Summary
holding that a question of sufficiency of the evidence did not affect the public interest
Summary of this case from Widdison v. StateOpinion
No. 20140543–CA.
10-02-2014
Monica Maio and William Russell, for Appellant. Sean D. Reyes and Marian Decker, for Appellee.
Monica Maio and William Russell, for Appellant.
Sean D. Reyes and Marian Decker, for Appellee.
Before Judges J. FREDERIC VOROS JR., STEPHEN L. ROTH, and JOHN A. PEARCE. Judge STEPHEN L. ROTH concurs in the result.
Decision
PER CURIAM:
¶ 1 F.S.B., a minor, appeals from the juvenile court's order denying his motion to quash a contempt warrant. However, that order also dismissed the contempt charge and terminated the juvenile court's jurisdiction. This matter is before the court on its own motion for summary disposition on the basis that the issues raised in the appeal are moot.
¶ 2 On appeal, F.S.B. asserts that the juvenile court erred in denying his motion to quash because “the arrest warrant and supporting affidavit contained only broad and vague assertions and lacked sufficient facts to support a probable cause determination that F.S.B. had violated a court order.” F.S.B. acknowledges that this issue is technically moot because the contempt charge was dismissed.
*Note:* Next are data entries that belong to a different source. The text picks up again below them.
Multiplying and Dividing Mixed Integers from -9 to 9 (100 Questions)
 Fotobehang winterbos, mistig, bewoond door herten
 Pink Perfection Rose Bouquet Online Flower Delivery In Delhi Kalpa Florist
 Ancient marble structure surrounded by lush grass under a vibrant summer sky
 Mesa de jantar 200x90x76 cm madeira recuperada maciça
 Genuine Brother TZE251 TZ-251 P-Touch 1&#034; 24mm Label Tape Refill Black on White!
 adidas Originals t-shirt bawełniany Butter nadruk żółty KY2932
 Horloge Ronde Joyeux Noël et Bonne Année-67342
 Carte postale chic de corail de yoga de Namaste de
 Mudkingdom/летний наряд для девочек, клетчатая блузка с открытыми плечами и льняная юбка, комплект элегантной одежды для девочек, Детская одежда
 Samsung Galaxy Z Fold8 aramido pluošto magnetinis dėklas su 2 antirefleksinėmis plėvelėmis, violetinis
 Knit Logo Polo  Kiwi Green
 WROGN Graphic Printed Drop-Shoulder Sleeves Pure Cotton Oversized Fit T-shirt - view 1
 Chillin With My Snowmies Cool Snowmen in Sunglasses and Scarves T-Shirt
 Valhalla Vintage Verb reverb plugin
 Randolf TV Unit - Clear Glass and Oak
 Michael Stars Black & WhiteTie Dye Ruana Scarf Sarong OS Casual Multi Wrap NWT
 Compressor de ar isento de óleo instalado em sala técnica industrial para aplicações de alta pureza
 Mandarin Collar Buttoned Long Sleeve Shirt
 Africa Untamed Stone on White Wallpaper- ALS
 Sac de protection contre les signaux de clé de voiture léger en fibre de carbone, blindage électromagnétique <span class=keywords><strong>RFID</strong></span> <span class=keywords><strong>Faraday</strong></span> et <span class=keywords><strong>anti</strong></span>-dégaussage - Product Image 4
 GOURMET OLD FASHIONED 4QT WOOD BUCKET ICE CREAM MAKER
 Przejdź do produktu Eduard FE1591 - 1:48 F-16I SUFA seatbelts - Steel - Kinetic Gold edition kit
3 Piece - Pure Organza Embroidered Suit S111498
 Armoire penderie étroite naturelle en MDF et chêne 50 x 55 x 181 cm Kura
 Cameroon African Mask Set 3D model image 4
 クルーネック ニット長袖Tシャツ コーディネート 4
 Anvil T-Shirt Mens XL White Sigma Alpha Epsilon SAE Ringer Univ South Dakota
See Barnett v. Adams, 2012 UT App 6, ¶ 4, 273 P.3d 378 (stating that a case is moot if judicial relief cannot affect the rights of the litigants). However, F.S.B. argues that we should resolve the issue presented because it falls within the public interest exception to the mootness doctrine. The public interest exception “arises when the case (1) presents an issue that affects the public interest, (2) is likely to recur, and (3) because of the brief time that any one litigant is affected, is capable of evading review.”Id. ¶ 10 (citation and internal quotation marks omitted). F.S.B. fails to meet his burden in demonstrating that the public interest exception applies to the facts of this case.
¶ 3 F.S.B. claims that under the particular facts of this case, there was insufficient evidence to support the issuance of a contempt warrant. Such inherently factual questions generally do not lend themselves to the application of the public interest exception. See Mortenson v. Turley, 2009 UT App 67, para. 5 n. 3, 2009 WL 638262 (noting that the public interest exception did not apply to a party's mooted appeal of the juvenile court's dismissal of a child protective order petition because the “factual determination” underlying the denial of the petition did not “fall[ ] within the exception to the mootness doctrine”). Issues that involve numerous facts and contingencies are unlikely to recur. Here, F.S.B. has failed to demonstrate that the factual scenario that led to the issuance of the contempt warrant is likely to recur. Further, F.S.B. has failed to adequately demonstrate why such a claim is capable of evading review. Accordingly, the issue raised in this case does not fall within the public interest exception to the mootness doctrine.
¶ 4 The appeal is dismissed as moot.